Il exerce le métier de plâtrier.
Après son service militaire, il épouse Félicie, Valentine Bourgeon le 28 avril 1928, à Laon. Fille de cultivateurs, sans profession, elle est née le29 novembre 1907 à Mazirat (Allier). Le couple a un garçon, Jean, Charles, qui naît le 24 août 1928 à Sissonne (Aisne) (il est décédé le 5 octobre 2014 à Vierzon (Cher).

Le Populaire 17 février 1940

En 1932, il s’inscrit sur les listes électorales d’Issy-les-Moulineaux. Plâtrier à Billancourt (Seine), il est alors domicilié au 4, rue Lazare Carnot dans cette ville.
Militant antifasciste, il est élu aux élections municipales du 12 mai 1935 sur la liste de Victor Cresson. « Au second tour socialistes et communistes formèrent une liste « Antifasciste » composée de vingt communistes, huit socialistes et avec 3 853 voix contre 3 714 voix à la liste du PUP et 513 à la liste des « anciens combattants » (Le Maitron).
En 1936, la famille Dumont est domiciliée au 25, rue Diderot à Issy.
Il assiste à la séance du conseil municipal du 12 juillet 1939. A celle du 26 septembre il est indiqué « mobilisé ».
Il est déchu de son mandat électif le 9 février 1940 par le Conseil de Préfecture.
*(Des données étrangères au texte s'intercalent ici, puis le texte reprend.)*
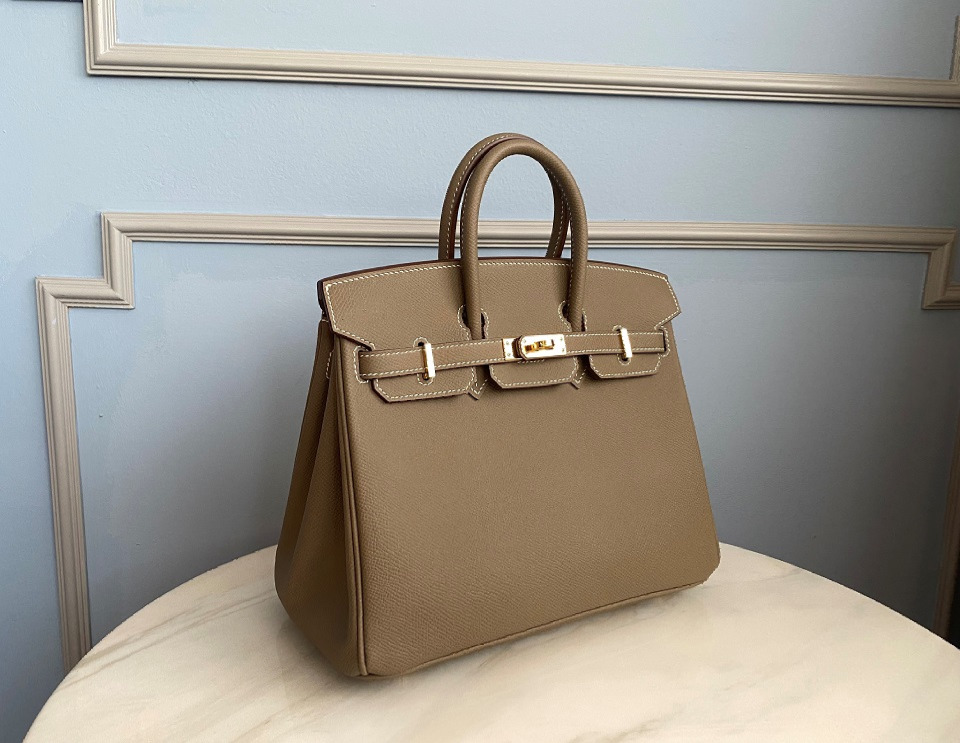 Hermes Etoupe Togo Birkin 35, Hermes Bag, Hermes Birkin Bag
Le 3 juin 1940, l’aérodrome d’Issy-les-Moulineaux, servant de base aux avions de l’Etat Major de l’armée française pour les liaisons, et la cartoucherie Gevelot sont bombardés par la Luftwaffe (nom de code « Opération Paula ».  Le vendredi 14 juin 1940, les troupes de la Wehrmacht entrent dans Paris, vidée des deux tiers de sa population. La ville cesse d’être la capitale du pays et devient le siège du commandement militaire allemand en France. Un premier  détachement  allemand  occupe  la mairie de Nanterre et l’état-major  s’y  installe. Le 22 juin, l’armistice est signé. Le 10 juillet 1940 le maréchal Pétain, investi des pleins pouvoirs par l’Assemblée nationale, s’octroie le lendemain le titre de « chef de l’Etat français » et lance la « révolution nationale » en rupture avec nombre de principes républicains (confusion des pouvoirs législatifs et exécutifs ; rejet du multipartisme, suppression des syndicats et du droit de grève, antisémitisme d’état…).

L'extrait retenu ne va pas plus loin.